2.1 KiB
2.1 KiB
STATUS — DSV4 Inference Kernel (post-cleanup 2026-05-30)
Production Path
One FMHA kernel: fmha_6warp_tma_multirow_multitile.cuh — 6-warp, TMA, UMMA, tcgen05.mma SS, in-kernel multi-tile SMEM accumulator, multi-row softmax. Loaded via fmha_multitile_capi.cu (C API) + fmha_multitile_op.py (ctypes). Dispatched from production.py.
Head dims: 64, 128, 256, 512. T=1 decode proven (cos ≥ 0.999996). T>1 prefill via multi-row path (P5, P7).

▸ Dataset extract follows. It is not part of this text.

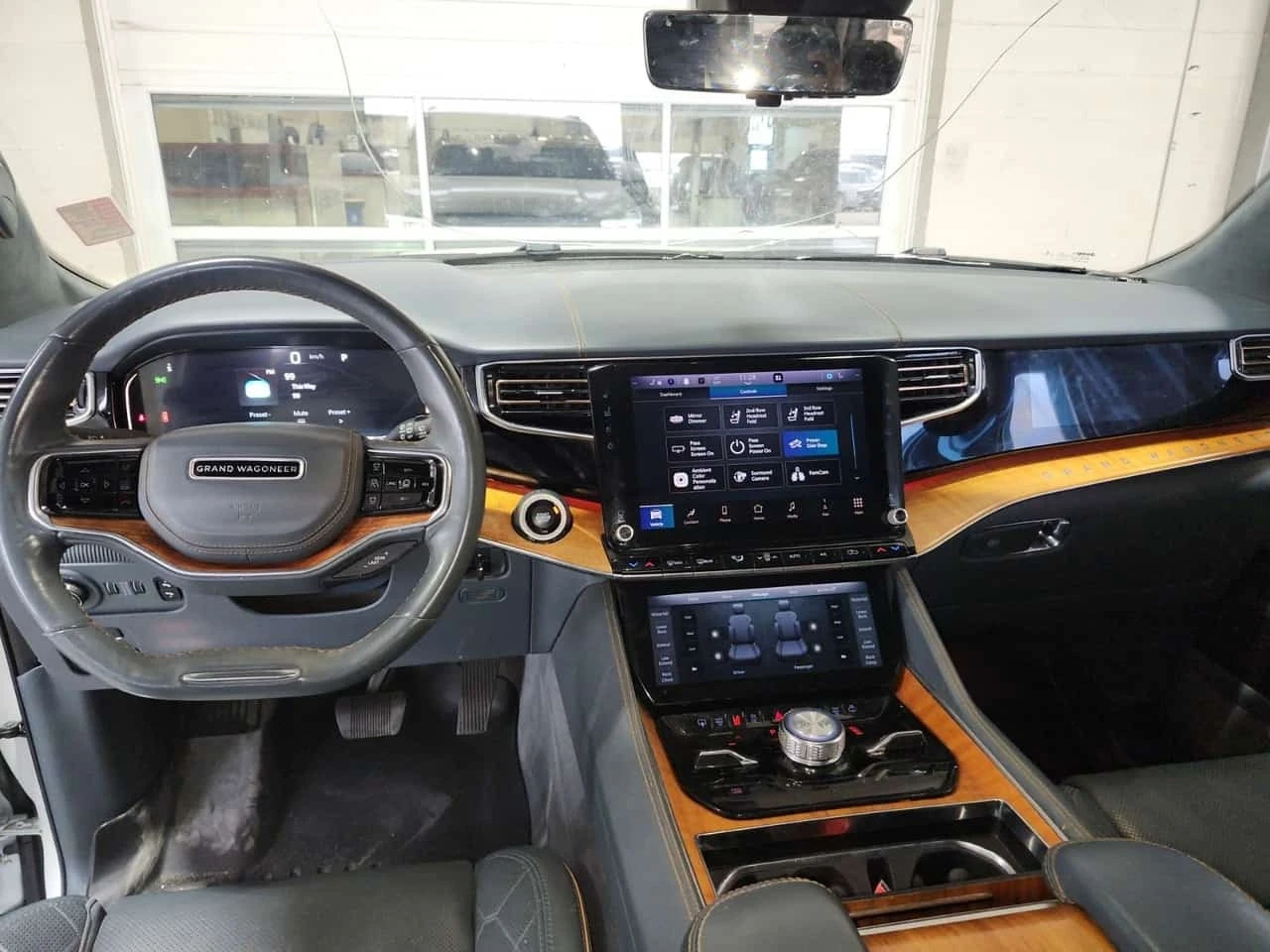 Jeep Grand Wagoneer * SERIES III * CARFAX * ����������� | Mobile.bg � ����������� 10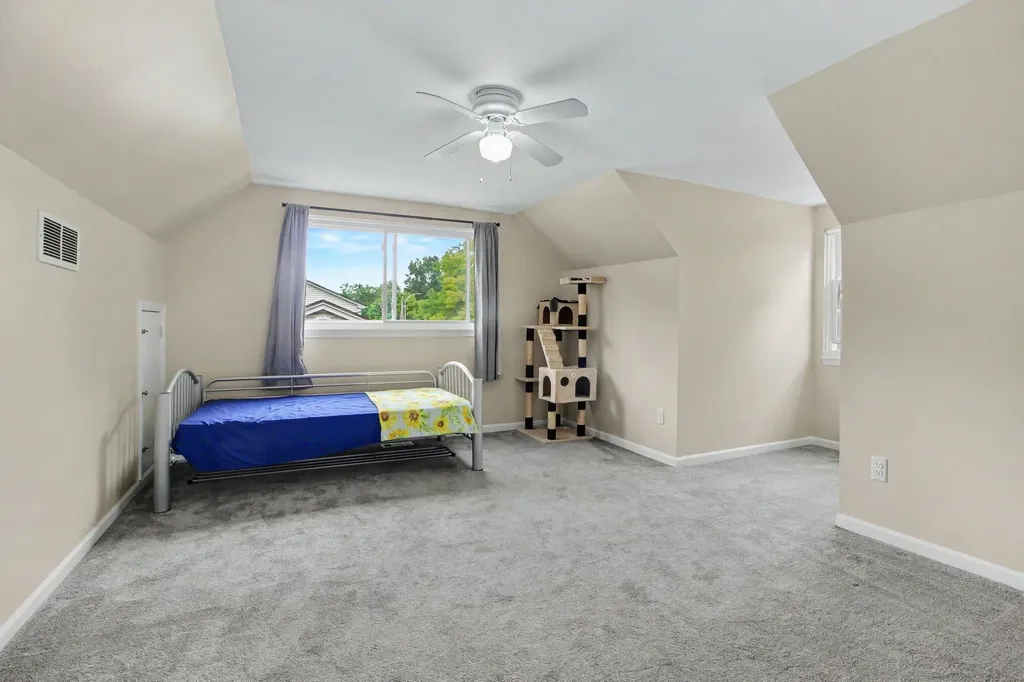 25286 Castlewood Drive Woodhaven City MI 48183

No CuTeDSL runtime dependency. All kernel code is raw CUDA C++. CuTeDSL (fmha.py) deleted; Python KV merge deleted; FmhaKernel deleted.
Live Attention Files
| File | Role |
|---|---|
fmha_6warp_tma_multirow_multitile.cuh |
Production kernel |
fmha_common.cuh |
Shared types/defs |
fmha_tma.cuh |
TMA descriptor helpers |
fmha_umma_desc.cuh |
UMMA descriptor creation |
fmha_multitile_capi.cu |
C API wrapper (nvcc compiled) |
fmha_multitile_op.py |
ctypes loader |
production.py |
Public API (dsv4_attention) |
__init__.py |
Bridge to layers (sparse/dense/swa) |
Stage E Checklist (from ROADMAP/NEXT_PRIORITIES_PART_2)
- E1: Wire
LayerCacheHandle→gather_compressed_kv,gather_all_compressed_kv,gather_swa_kv,num_query_heads,head_dim✅ - E2: End-to-end smoke test through one full layer ✅ (SWA + CSA + HCA)
- E3: Top-level
model/dsv4.py✅ - E4: Delete
torch.cuda.synchronize()from fast path ✅ - E5: Fold batch loop into kernel grid
- E6: FP4 output fusion for FMHA → wo_a
- E7: Lightning indexer FP4 tensor-core scoring
- E8: Multi-CTA grid for prefill
- E9: CUDA graph capture
Cleanup Done (C1–C7)
- Deleted: fmha.py, fmha_sm100.cuh, fmha_sm100_tc.cuh, fmha_sm100_launch.cu, fmha_epilogue_sm100.cuh, fmha_qk_verify.cuh (moved to tests/unit/), decode_sparse.py, decode_swa.py, kernels/decode/, 46 test_d*.py probes, root scratch files, archive/ (moved to archived_plans/code_archive/)
- Removed: FmhaKernel import, CuTeDSL slow path, Python KV merge, torch.cuda.synchronize in _run_fmha_segmented (function deleted)